Nach dpa-Informationen sind die Details der Aussetzung noch offen. Merkel und Vizekanzler Guido Westerwelle wollten die Einzelheiten in einem Gespräch am Nachmittag klären.
Westerwelle antwortete bereits am Morgen auf die Frage, ob es auch ein Moratorium für den Regierungsbeschluss zur Verlängerung der Laufzeiten der Atomkraftwerke geben könne, sagte Vizekanzler Guido Westerwelle (FDP): "Ich kann mir das vorstellen."
Er sprach sich für die Einsetzung einer neuen Expertengruppe aus, die die Sicherheitsstandards aller AKWs in Deutschland überprüfen soll. Entscheidend für das weitere Vorgehen seien dann die Ergebnisse dieser unabhängigen Expertenkommission. "Wir brauchen eine neue Risikoanalyse", sagte der FDP-Chef. "Wenn sich bei uns Defizite herausstellen, müssen Atomkraftwerke jetzt nachgerüstet werden und können solange nicht weiter betrieben werden."
Er bezog das vor allem auf die Überprüfung der Kühlsysteme der Atomkraftwerke, die in Japan offensichtlich teilweise versagt haben. Westerwelle und Wirtschaftsminister Rainer Brüderle (FDP) sprachen sich auch für einen rascheren Übergang von der Atomkraft zu regenerativen Energiequellen aus, als dies bisher von der Bundesregierung geplant war.

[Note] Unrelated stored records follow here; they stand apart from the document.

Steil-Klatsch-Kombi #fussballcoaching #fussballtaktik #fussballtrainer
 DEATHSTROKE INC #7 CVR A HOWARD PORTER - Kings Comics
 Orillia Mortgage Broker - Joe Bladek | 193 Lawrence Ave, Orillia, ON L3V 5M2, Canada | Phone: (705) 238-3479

"Es hat sich eine neue Lage ergeben", sagte Brüderle dazu. Konkret verlangte er einen schnelleren Ausbau der Stromnetze und eine rasche Weiterentwicklung der CCS-Technologie. Damit soll der für die Umwelt sehr schädliche CO2-Ausstoß, der bei der Kohle-Verbrennung entsteht, unter die Erde verpresst werden.

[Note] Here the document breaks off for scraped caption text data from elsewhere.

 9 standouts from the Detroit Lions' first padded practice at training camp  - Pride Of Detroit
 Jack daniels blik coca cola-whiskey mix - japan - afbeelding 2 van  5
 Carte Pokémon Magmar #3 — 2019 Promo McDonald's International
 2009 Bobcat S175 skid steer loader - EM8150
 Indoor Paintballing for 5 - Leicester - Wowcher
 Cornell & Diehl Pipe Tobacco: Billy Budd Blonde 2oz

Der Generalsekretär der CDU in Baden-Württemberg, Thomas Strobl, stellt die Laufzeitverlängerung der deutschen Kernkraftwerke in Frage. "Es kann jetzt keinesfalls heißen: 'Weiter so!'", sagte Strobl zu sueddeutsche.de. Es müsse alles auf den Prüfstand - auch die Frage der Laufzeiten, so der CDU-Politiker. In Baden-Württemberg finden am 27. März Landtagswahlen statt. Die CDU bangt um die Wiederwahl von Ministerpräsident Stefan Mappus.

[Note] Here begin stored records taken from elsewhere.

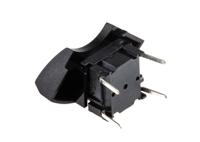 navikitth09wl MEC IP67 Black Tactile Switch, SPST 50 mA @ 24 V dc
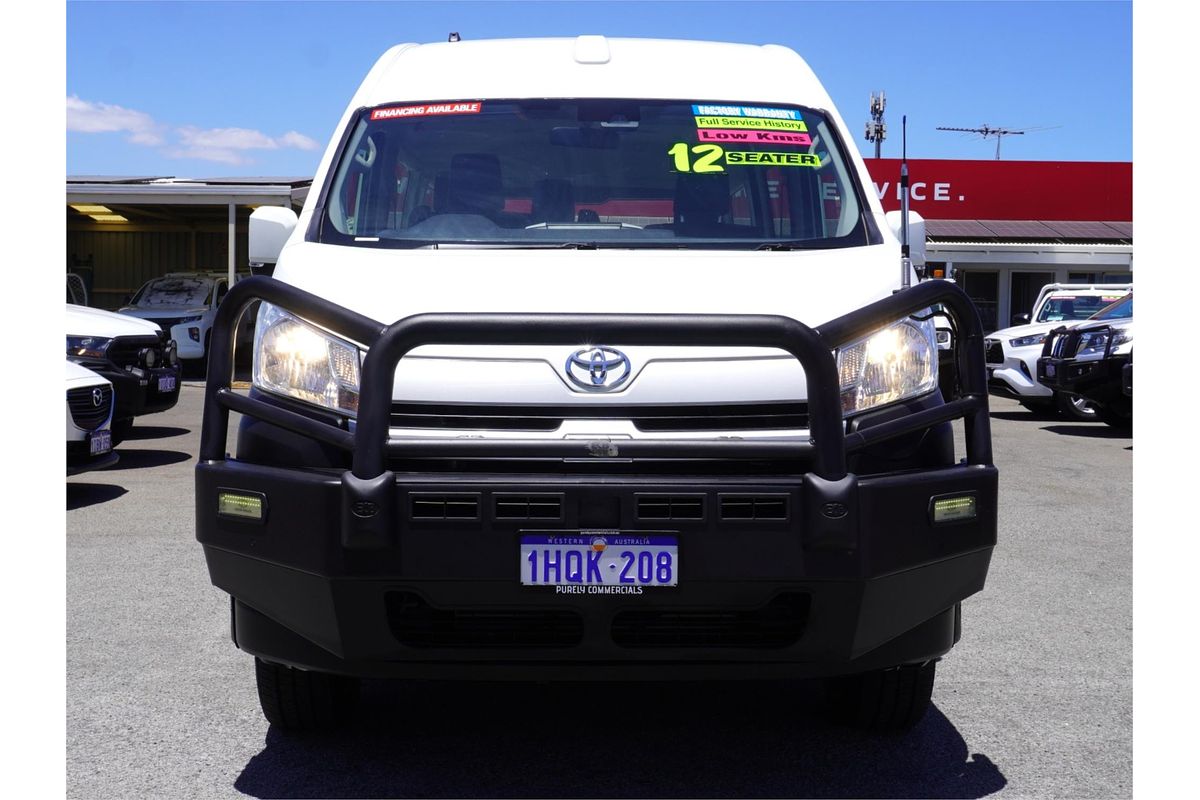 2022 Toyota Hiace Commuter GDH322R ELWB High Roof
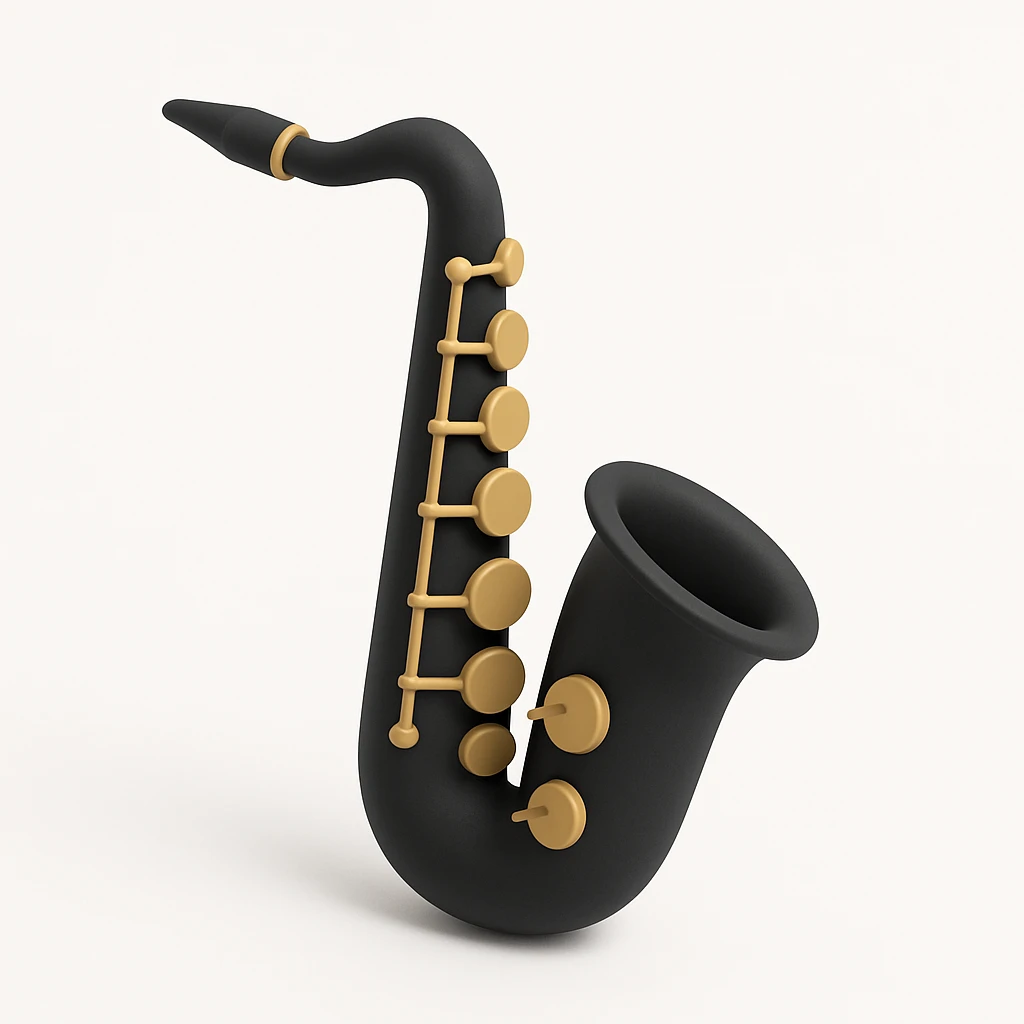 saxophone emoji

Die SPD wittert in dem Atom-Thema eine Chance und will Union und FDP vor den anstehenden Landtagswahlen in Bedrängnis bringen. Die SPD-Bundestagsfraktion will nach Informationen der Süddeutschen Zeitung für kommenden Donnerstag im Plenum des Parlaments eine namentliche Abstimmung über die umstrittene, von der schwarz-gelben Koalition beschlossene Verlängerung der Laufzeiten der deutschen Atommeiler beantragen.
Als Konsequenz aus den schweren Störungen in japanischen AKWs verlangen SPD wie auch Grüne seit dem Wochenende mehr Atom-Sicherheit in Deutschland, darunter eine Abschaltung der dienstältesten Meiler und eine Rückkehr zum einstigen rot-grünen Ausstiegsgesetz.